I am really happy to hear that because I love my students. Erasmus classes are a kind of dessert accompanying the hearty meal of other, everyday courses!
How easy is it to find the way to your guest students, to reach them and to get on with them?
Erasmus students greatly enjoy the dynamic atmosphere of Budapest, with its exciting student life. They give all new experiences a warm welcome, find classes enjoyable, work hard and do their best to meet the requirements. I have found that they bring new ideas, different attitudes and perspectives, raising the spirits of everyone in mixed, Hungarian-foreign classes. I find it very easy to reach these students and get on with them.
Are you able to make time for your foreign students out of the tight timeframes of the lectures?
I am happy to give them extra attention, and do so whenever they ask.
In general, most of them are too busy with their academic and social lives to ask for more time with me.
Can you contribute to broadening your foreign students' horizon about Hungary and Hungarian culture?
As we often have Hungarian students in our Erasmus groups, there is a continuous ’cultural exchange’ going on, explaining local customs, practices, holidays to the visiting students and sharing their cultural pecularities in turn.

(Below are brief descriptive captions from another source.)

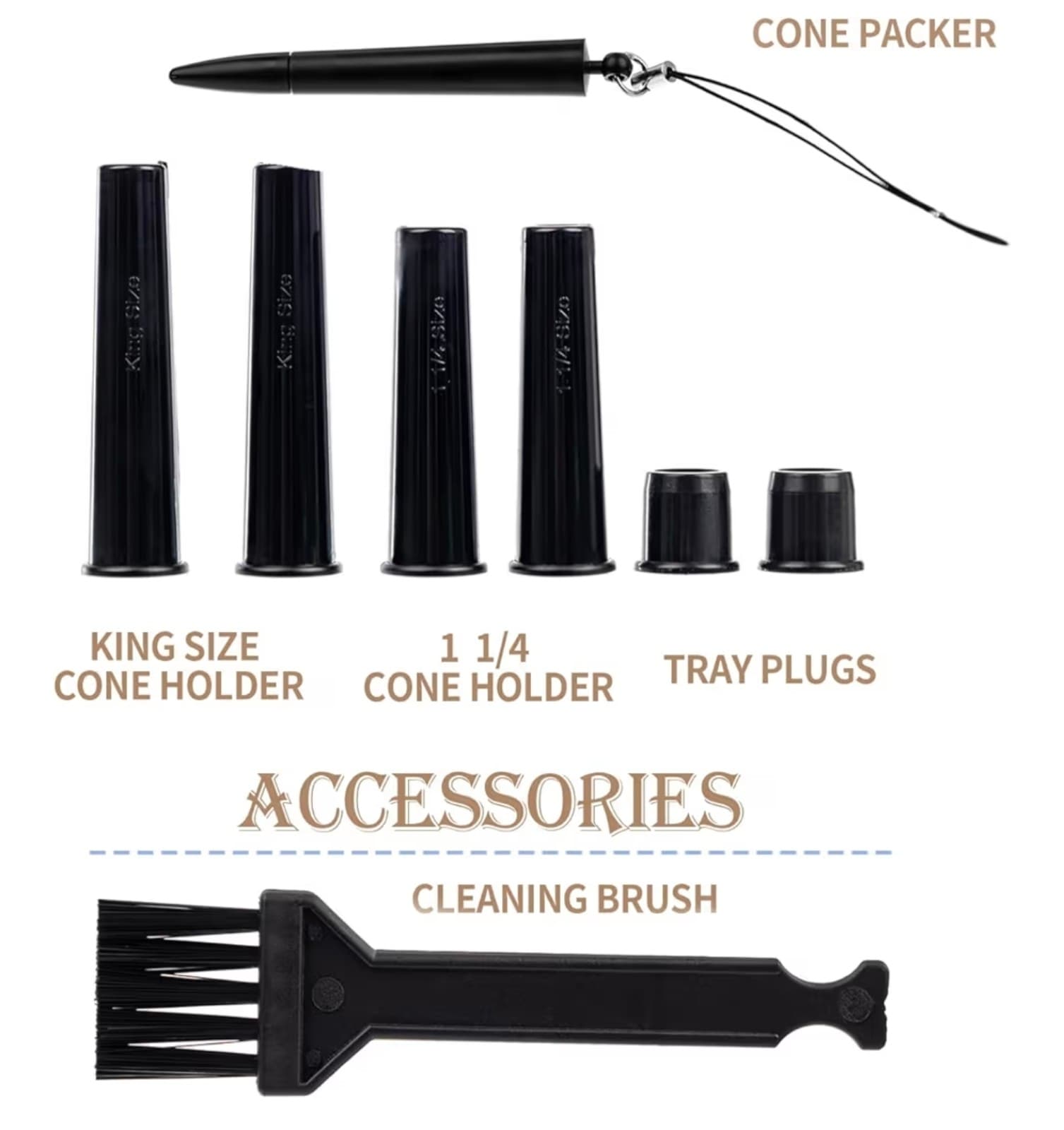 Portable Rolling Tray Metal Plate Cone Loader Foldable - Thumbnail 5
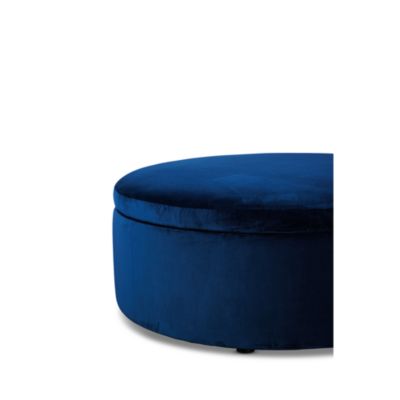 Alta Large Round Storage Ottoman, in Fabric
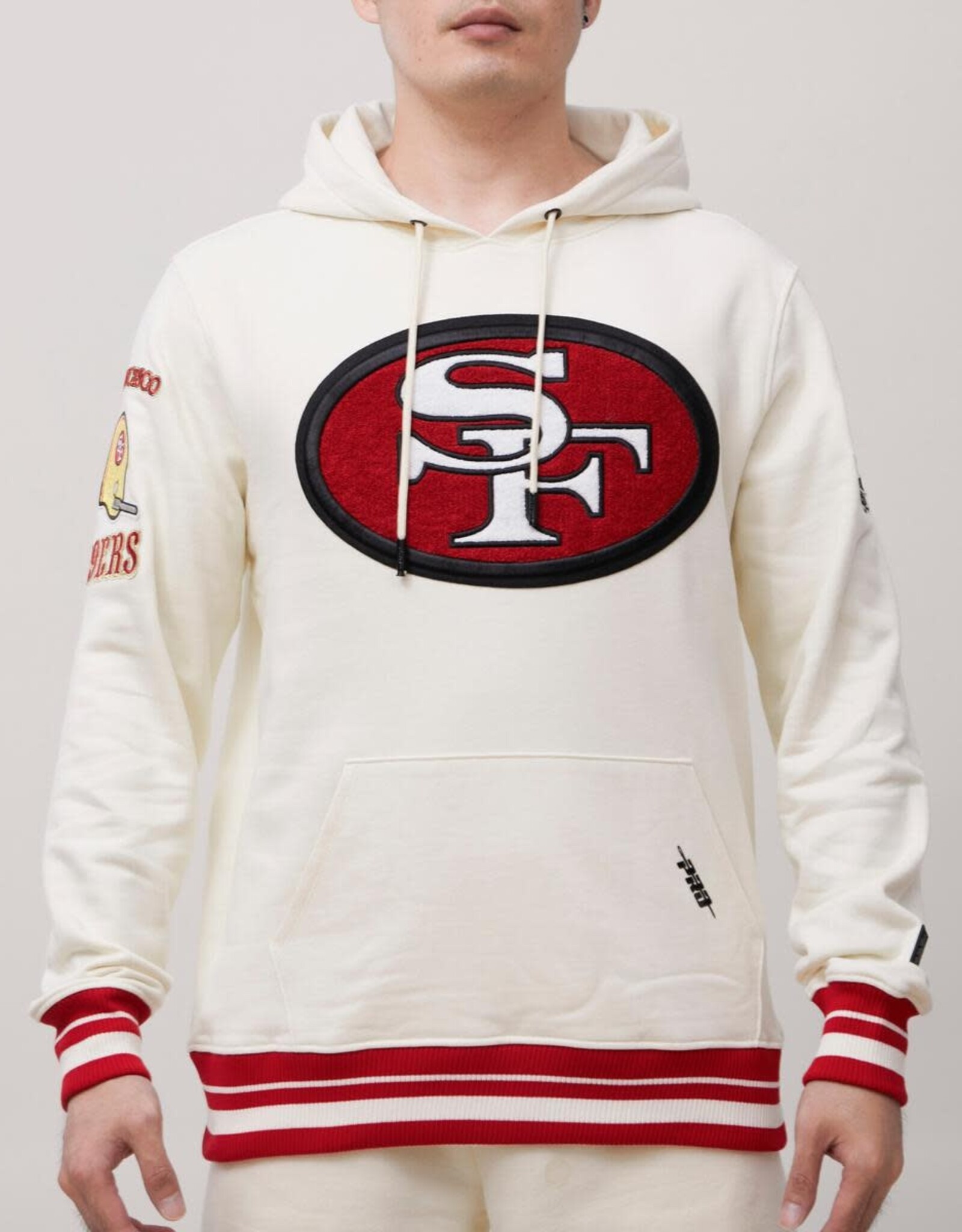 Pro Standard San Francisco 49ers Men's Retro Classic Fleece Pullover Hoodie - Eggshell
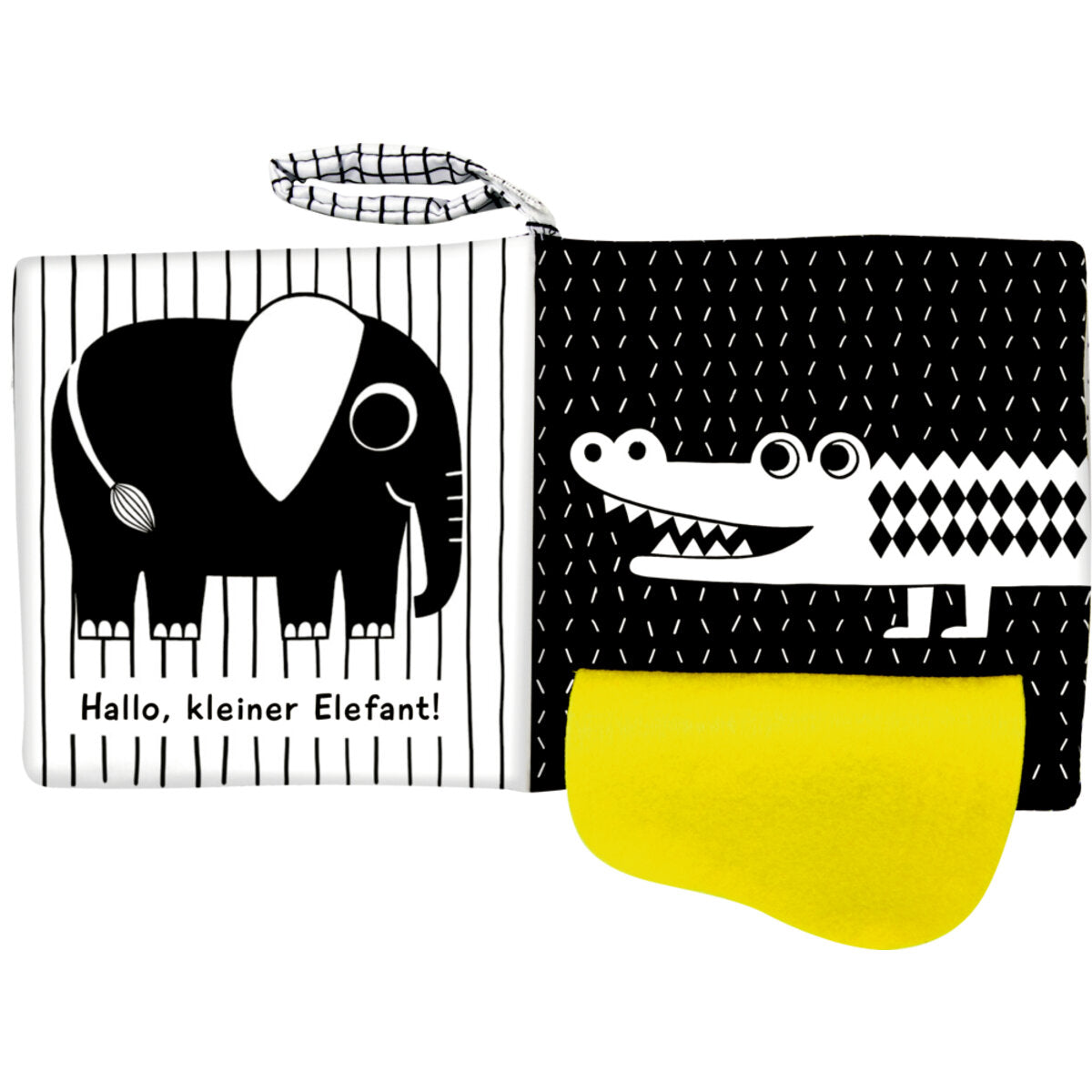 Coppenrath Verlag Babys kuschelweiches Kontrastbuch Kuckkuck kleiner Löwe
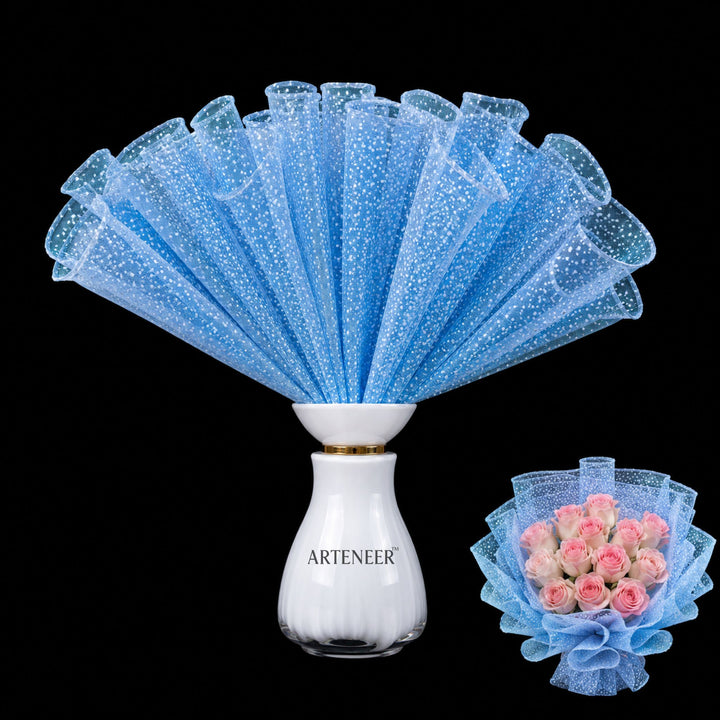 Flower Bouquet Wrapping Net - Glitter Mesh Roll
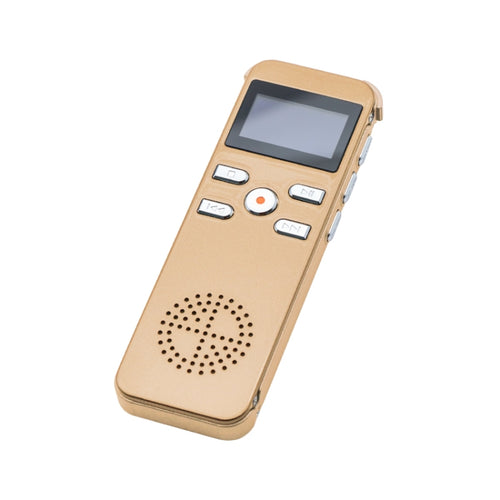 JNN X26 Mini Portable Voice Recorder with OLED Screen, Memory:8GB(Gold) - HoMEdemic™ 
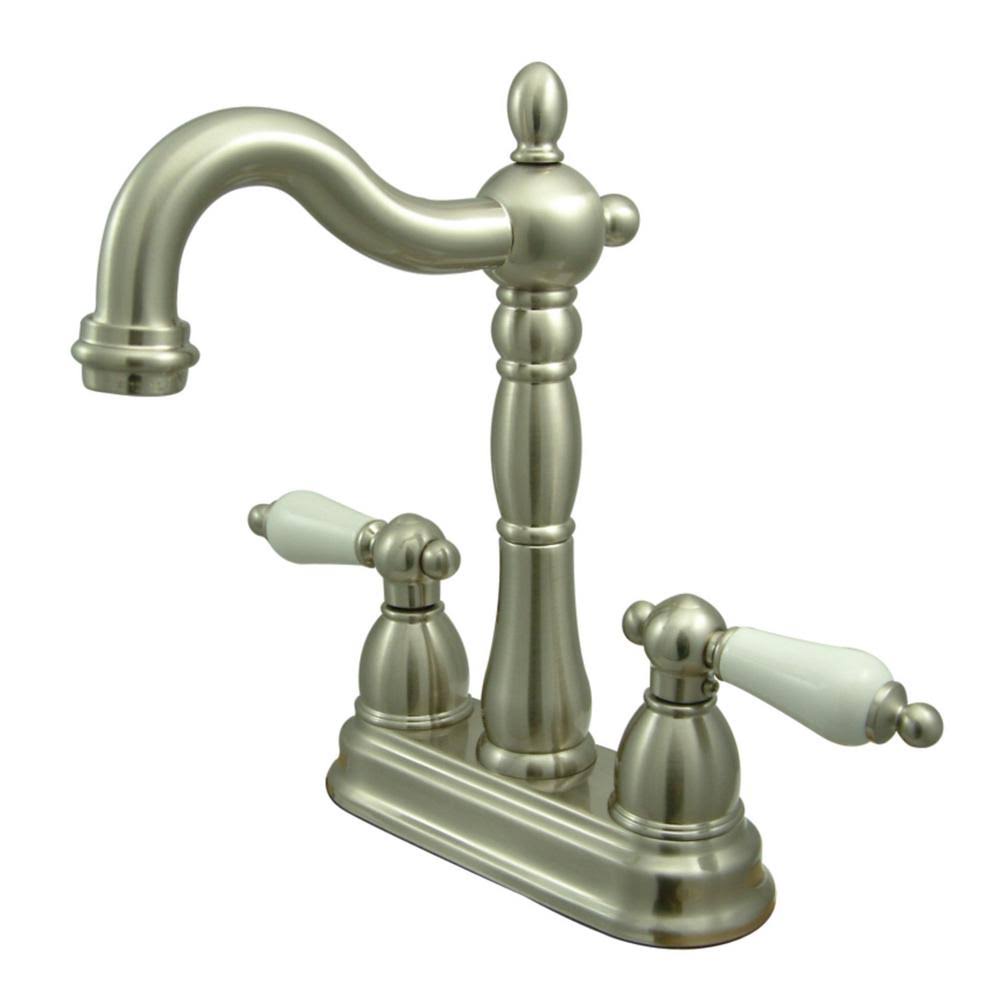 Brushed Nickel 2-Handle Bar Faucet L903438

They also talk about their impressions of Hungarian people and the country itself.
How can you introduce your foreign students to our university, its past and its spirit?
Many of the Erasmus students come from Catholic Universities, and already understand the academic perspective and spirituality of an art and humanities faculty. In my opinion, the everyday experiences, the attitude of professors, lecturers, fellow students and administrative staff, are the best medium for transferring PPCU’s ethics and values.
Could you mention any differences between Hungarian and foreign students in terms of their needs or expectations?
Foreign students seem to be more active in class, feel more free to ask questions, and have higher need for interactivity.
Last but not least, when you have spare time, how do you usually spend it?
My number one love is gardening, and whenever I can, I also go running and swimming (preferably outdoors).